ADDENDUM TO SECOND AMENDED AND RESTATED ADVISORY AGREEMENT

EX-10.2 3 exhibit2.htm EX-10.2 EX-10.2

ADDENDUM TO SECOND AMENDED AND
RESTATED ADVISORY AGREEMENT

THIS ADDENDUM, dated effective as of September 15, 2005, is to that certain Second Amended and Restated Advisory Agreement entered into as of June 3, 2004 (the “Agreement”), by and between AMERICA FIRST APARTMENT INVESTORS, INC., a Maryland corporation (the “Company”), and AMERICA FIRST APARTMENT ADVISORY CORPORATION, a Maryland corporation (the “Advisor”).

RECITALS

WHEREAS, the Advisor is a wholly owned subsidiary of America First Companies, L.L.C., a Delaware limited liability company (the “Parent”); and

WHEREAS, the Parent has an indirect equity interest in America First Communities Offutt Developer, LLC, a Nebraska limited liability company (the “Borrower”). The Advisor and Borrower are Affiliates (as defined in the Agreement).

WHEREAS Borrower has borrowed from the Company Seven Million Four Hundred Forty-Three Thousand Nine Hundred Forty-Eight and no/100 Dollars ($7,443,948.00) pursuant to that certain Promissory Note as governed by the Loan and Security Agreement executed by Borrower and the Company, dated of even date herewith and therewith (the “Note” and “Loan Agreement” respectively).

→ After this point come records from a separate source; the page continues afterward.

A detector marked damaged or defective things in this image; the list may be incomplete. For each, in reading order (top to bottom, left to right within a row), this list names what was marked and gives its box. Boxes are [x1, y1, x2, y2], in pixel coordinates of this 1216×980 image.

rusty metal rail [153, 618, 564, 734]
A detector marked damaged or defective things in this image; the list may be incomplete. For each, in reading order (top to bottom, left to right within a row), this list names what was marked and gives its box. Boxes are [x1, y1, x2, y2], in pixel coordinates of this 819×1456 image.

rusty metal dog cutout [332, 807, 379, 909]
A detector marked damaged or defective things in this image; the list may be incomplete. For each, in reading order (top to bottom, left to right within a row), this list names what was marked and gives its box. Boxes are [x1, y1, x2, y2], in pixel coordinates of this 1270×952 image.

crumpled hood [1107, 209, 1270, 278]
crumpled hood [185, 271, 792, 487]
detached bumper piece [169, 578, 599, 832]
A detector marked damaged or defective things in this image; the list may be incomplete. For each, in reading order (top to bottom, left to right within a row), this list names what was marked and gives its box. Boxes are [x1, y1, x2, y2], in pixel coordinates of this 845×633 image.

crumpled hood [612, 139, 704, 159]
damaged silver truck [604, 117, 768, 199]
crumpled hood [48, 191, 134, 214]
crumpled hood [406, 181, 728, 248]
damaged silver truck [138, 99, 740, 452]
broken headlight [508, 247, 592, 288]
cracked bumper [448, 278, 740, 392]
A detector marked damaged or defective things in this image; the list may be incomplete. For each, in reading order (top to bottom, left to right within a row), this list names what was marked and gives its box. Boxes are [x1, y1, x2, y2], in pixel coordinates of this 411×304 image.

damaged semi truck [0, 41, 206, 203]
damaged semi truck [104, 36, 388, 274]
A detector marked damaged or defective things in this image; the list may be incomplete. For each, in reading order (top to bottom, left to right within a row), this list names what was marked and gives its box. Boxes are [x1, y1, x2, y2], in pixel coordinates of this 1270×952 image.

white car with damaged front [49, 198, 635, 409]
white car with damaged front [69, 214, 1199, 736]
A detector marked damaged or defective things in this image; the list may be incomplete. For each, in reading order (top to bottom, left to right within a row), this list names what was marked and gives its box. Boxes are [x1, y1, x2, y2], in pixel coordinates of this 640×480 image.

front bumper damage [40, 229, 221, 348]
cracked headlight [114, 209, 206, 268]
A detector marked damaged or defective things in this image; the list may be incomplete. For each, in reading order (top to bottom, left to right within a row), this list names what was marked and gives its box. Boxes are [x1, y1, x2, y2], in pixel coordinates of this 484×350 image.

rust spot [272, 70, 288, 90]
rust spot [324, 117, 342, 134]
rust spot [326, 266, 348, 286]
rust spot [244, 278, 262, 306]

WHEREAS as a condition precedent to the Company entering into the Loan Agreement with Borrower, and in order to secure the Obligations as described in the Loan Agreement (including but not limited to the Note), the Company has required that the Advisor execute and deliver this Addendum to the Company for the benefit of the Company.

WHEREAS, the Advisor desires to pledge and assign all compensation received by it under the Agreement and to further modify and supplement the Agreement in order provide adequate securitization to the Company and to induce Company to enter into the Loan Agreement and the Note.

WHEREAS the Advisor enters into this Addendum in acknowledgement of the financial accommodation extended to Borrower as described above and in consideration thereof.

NOW, THEREFORE, in consideration of the foregoing Recitals and the mutual rights and obligations set forth below, the parties hereby agree, modify and supplement the Agreement as follows:

  1.   Defined Terms. All defined terms used in the Agreement shall have the same meaning herein as is ascribed to them in the Agreement.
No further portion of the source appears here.